Dusty Rhoades and Dave Reightler tied for second place at 762, just eight pins off the pace.

"I bowled in the YABA when I was a kid," said Smith, 22, "But I never bowled in the adult leagues until my dad died last year."

Just before the 1992-93 season began Howard Smith, Danny's dad, died of heart failure. Danny's mother (and his dad's bowling partner), Elkie, asked Danny to bowl with her in the coming season.

"So I picked up my dad's equipment, his shoes, his bag and his old Columbia Yellow Dot and returned to bowling," Smith said.

Smith started in one league, with his mom, the Monday Mixed at County Lanes, but soon expanded that schedule to include three more leagues -- the Thursday Men's and the early and late leagues at Thunderhead Taneytown.
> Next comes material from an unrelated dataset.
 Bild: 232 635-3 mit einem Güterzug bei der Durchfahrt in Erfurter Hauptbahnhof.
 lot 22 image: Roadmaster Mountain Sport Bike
"I started with a 130 average," he said, "But I finished the season with a 166."

Using a new bowling ball, a 16-pound Teal Rhino, fitted and drilled by Danny Haines, the pro shop operator at County Lanes, Smith entered his first major adult tournament.

"I guess it [the victory] was partly the new ball and partly that the lane conditions were just right for me," he said.

The left-hander fired games of 217, 226 and 204.

"In the last frame of the last game I almost blew it," Smith said. "I needed a mark and three pins for the lead, and I left the five-pin standing and I just barely touched it."

Then he threw a strike with his fill ball to cement the victory.

Rhoades of Westminster knows in his heart that he should have won the tournament going away.

"I had two fine games, a 227 and a 214," he said, "And I knew if I could throw a decent third game, say about a 210, I've have a pretty good scratch set, and with the handicap pins [156] I'd have an 800 series and that should be enough."

He was right, but as in all sports, injuries play their part in bowling, too. Halfway through the last game, Rhoades pulled a muscle in his right leg, the driving leg, and after that "I was just glad to finish." He finished with a 165.

Bowling for about 20 years, Rhoades carries a 158 average in a single league, the Thursday Trophy league at County Lanes.

In a long slump until just recently, he credited Haines with helping him pick up his game.

"For one thing, I'm using a 16-pound Ebonite Nitro that Danny fitted and drilled for me now," he said. "And Danny's helped me with my release and making sure that my hand comes out of the ball smooth. I'm practicing a little bit now and my mental game is much better."

And it's all paying off. It's just a matter of time until he surpasses his career high game and set, 268 and 734, respectively, and starts winning tournaments.

Here's a great lesson for league bowlers who never have entered a tournament. When the format includes a decent handicap, bowlers with modest averages have just as good a chance of winning as the high-powered bowlers.

L Ask Smith or Rhoades about it. They can show you the checks.